4. Where Ashri Bhakti Fits Into This Picture

Ashri Bhakti is built around a simple premise drawn from the patterns above: instead of competing for attention with high-stimulation content, it leans into the things the storytelling research consistently points to as beneficial.

  • Character-driven moral narratives. Stories featuring Krishna, Ram, and guru figures aren’t framed as religious instruction first — they function as the kind of narrative vehicles that research on perspective-taking and empathy-building points to, using characters children can relate to and learn from.
  • Guided emotional themes.
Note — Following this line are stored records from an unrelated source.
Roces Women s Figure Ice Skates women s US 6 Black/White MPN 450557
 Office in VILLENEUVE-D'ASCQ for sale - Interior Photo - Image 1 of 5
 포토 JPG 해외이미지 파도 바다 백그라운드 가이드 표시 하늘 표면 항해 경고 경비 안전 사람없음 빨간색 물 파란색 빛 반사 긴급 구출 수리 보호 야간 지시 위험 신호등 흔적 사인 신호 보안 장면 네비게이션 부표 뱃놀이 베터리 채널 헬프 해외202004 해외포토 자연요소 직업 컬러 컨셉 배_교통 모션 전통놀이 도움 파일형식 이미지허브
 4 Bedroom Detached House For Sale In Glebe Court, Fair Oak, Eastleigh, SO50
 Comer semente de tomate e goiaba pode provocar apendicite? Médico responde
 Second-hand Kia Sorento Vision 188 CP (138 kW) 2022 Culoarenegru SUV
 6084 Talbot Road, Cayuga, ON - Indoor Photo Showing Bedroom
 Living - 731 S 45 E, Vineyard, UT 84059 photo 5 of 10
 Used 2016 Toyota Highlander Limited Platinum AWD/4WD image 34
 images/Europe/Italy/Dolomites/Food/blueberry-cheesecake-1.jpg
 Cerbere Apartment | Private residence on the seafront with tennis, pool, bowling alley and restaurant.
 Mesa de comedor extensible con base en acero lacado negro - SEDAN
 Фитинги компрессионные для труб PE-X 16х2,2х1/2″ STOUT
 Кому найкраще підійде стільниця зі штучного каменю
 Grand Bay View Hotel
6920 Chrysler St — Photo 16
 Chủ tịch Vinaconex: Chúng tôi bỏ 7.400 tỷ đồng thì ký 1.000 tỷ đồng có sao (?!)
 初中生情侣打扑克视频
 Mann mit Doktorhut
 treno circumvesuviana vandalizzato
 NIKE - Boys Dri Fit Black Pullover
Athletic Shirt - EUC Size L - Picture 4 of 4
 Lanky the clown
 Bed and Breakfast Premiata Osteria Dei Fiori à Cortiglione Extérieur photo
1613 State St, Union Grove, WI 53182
Each story is structured around a specific emotional or behavioral theme — calmness, patience, respect, focus, compassion — echoing the “guided reflection” approach that studies found outperforms passive viewing.
  • Repetition by design. Rather than constant novelty, the app intentionally revisits core values across multiple stories, aligning with research showing that repeated exposure to consistent moral frameworks supports long-term behavioral patterns.

A bounded content environment. By design, there’s no autoplay rabbit hole, no algorithmic feed, and no aggressive or chaotic pacing — directly addressing the “context of use” variable that recent meta-analyses identify as a key factor in outcomes.Saraswati of Ashri Bhakti

It’s fair to describe Ashri Bhakti as an app designed in line with the direction this research points — toward structured, value-based, narrative content as an alternative to high-stimulation media — rather than as a clinically validated therapeutic tool. That distinction matters, both for accuracy and for trust: the research supports the category of approach (guided storytelling, consistent values, low-chaos content), and Ashri Bhakti applies that approach within a Hindu/Buddhist cultural and spiritual framework familiar to many South Asian families.

5. What This Means for Parents

If you’re evaluating apps for your child, the research above translates into a few practical questions worth asking about anything you install:

  1. Is the content narrative-based, or feed-based? Stories with a beginning, middle, and end — versus an endless scroll of short clips — sit on very different ends of the research spectrum.
  2. Does it name and explain emotions, or just depict them? Guided emotional reflection appears to matter more than the story content alone.
  3. Are values repeated consistently, or is every session a totally new theme? Repetition appears to be a feature, not a limitation.
  4. Is the pacing calm, or designed to maximize engagement time? The mechanism research on sleep and brain development suggests that stimulation level itself is a relevant variable, independent of content “quality.”

Sources

  • Zhao J, et al. “Association Between Screen Time Trajectory and Early Childhood Development in Children in China.” JAMA Pediatrics, 2022.
  • Lima Santos JP, et al. “Role of Sleep and White Matter in the Link Between Screen Time and Depression in Childhood and Early Adolescence.” JAMA Pediatrics, 2025.
  • Takahashi I, et al. “Screen Time at Age 1 Year and Communication and Problem-Solving Developmental Delay at 2 and 4 Years.” JAMA Pediatrics, 2023.
  • Brushe ME, et al. “Screen Time and Parent-Child Talk When Children Are Aged 12 to 36 Months.” JAMA Pediatrics, 2024.
  • “Early Childhood Screen Use Contexts and Cognitive and Psychosocial Outcomes: A Systematic Review and Meta-analysis.” JAMA Pediatrics, 2024.
  • “Screen Time, Sociodemographic Factors, and Psychological Well-Being Among Young Children.” JAMA Network Open, 2024.
  • “Screen Media Use and Mental Health of Children and Adolescents: A Secondary Analysis of a Randomized Clinical Trial.” JAMA Network Open, 2024.
  • Madigan S, et al. “Association Between Screen Time and Children’s Performance on a Developmental Screening Test.” JAMA Pediatrics, 2019.
  • “From Adversity to Agency: Storytelling as a Tool for Building Children’s Resilience.” Research study, 2024.
  • “Storytelling Increases Oxytocin and Positive Emotions.” PNAS, 2021.
  • Ramamurthy et al. “The Impact of Storytelling on Building Resilience in Children: A Systematic Review.” Journal of Psychiatric and Mental Health Nursing, 2024.
  • “Storytelling as a Tool for Emotional Regulation in Early Childhood.” Research study, 2025.
  • “The Role of Storytelling in Enhancing Emotional and Cognitive Development.” IJFMR, 2025.